Ms. Leijonhufvud is Managing Director of the Global Social Sector Finance Group at JPMorgan.  The SSF unit leverages JP Morgan’s products and skills to help bring financial services to microfinance and social enterprises around the world.  The scope includes capital markets, structured products and principal investments.  The unit seeks to achieve a double bottom line of social benefit and financial returns.  According to JP Morgan, potential demand for sustainable financial services is immense, at an estimated USD 300 billion.
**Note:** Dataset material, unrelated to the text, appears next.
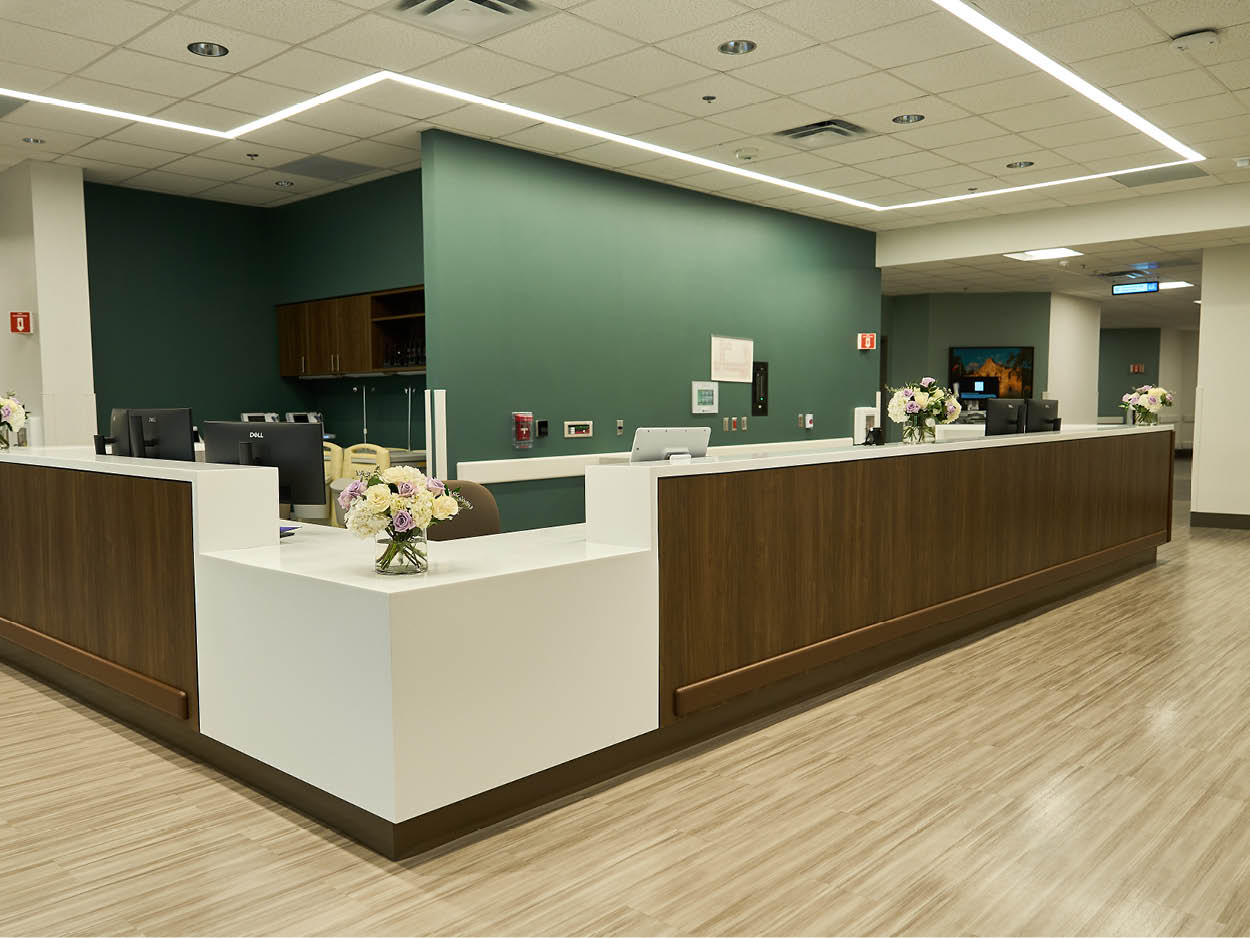 Reception area at Encompass Health Rehabilitation Hospital of Westover Hills highlighted during the grand opening, featuring a modern front desk.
JPMorgan utilizes its global IB platform to raise capital to support poverty alleviation initiatives in developing economies.

Christina has led J.P. Morgan’s Social Sector Finance unit since its inception in late 2007.  A double bottom line initiative that brings financial services and financing to microfinance institutions and other enterprises serving the base of the economic pyramid, Social Sector Finance also focuses on engaging the firm’s employees in these sectors.  Outside J.P. Morgan, Christina serves on the Advisory Board for the Center for Financial Inclusion, has been a consultant to Ashoka-Innovators for the Public in their social financial services venture, and has lectured widely on financial globalization and emerging markets risks.  Christina has held various risk management positions at J.P. Morgan, including as head of Country Risk Management & Advisory, Credit Portfolio Market Risk Management, Emerging Markets Market Risk Management, and Industry Concentrations.  Prior to joining J.P. Morgan in 1996, Christina worked at the World Bank as Country Officer, helping develop reform programs and borrowing strategies for the former Soviet Republics of Central Asia.  In 1991, she served on the Economic Reform Committee for the Government of Kazakhstan.  Ms. Leijonhufvud earned a M.Sc. degree in Economics from the London School of Economics, a M.A. degree in International Affairs from George Washington University, and a B.A. in Sociology from UCLA.

Christina Leijonhufvud, Managing Director of the Social Sector Finance Group (SSFG) at JP Morgan      

MicroCapital: First of all, can you provide us your interpretation of what “socially responsible investment and social investment funds” means in relation to the microfinance sector and regulated banking channels?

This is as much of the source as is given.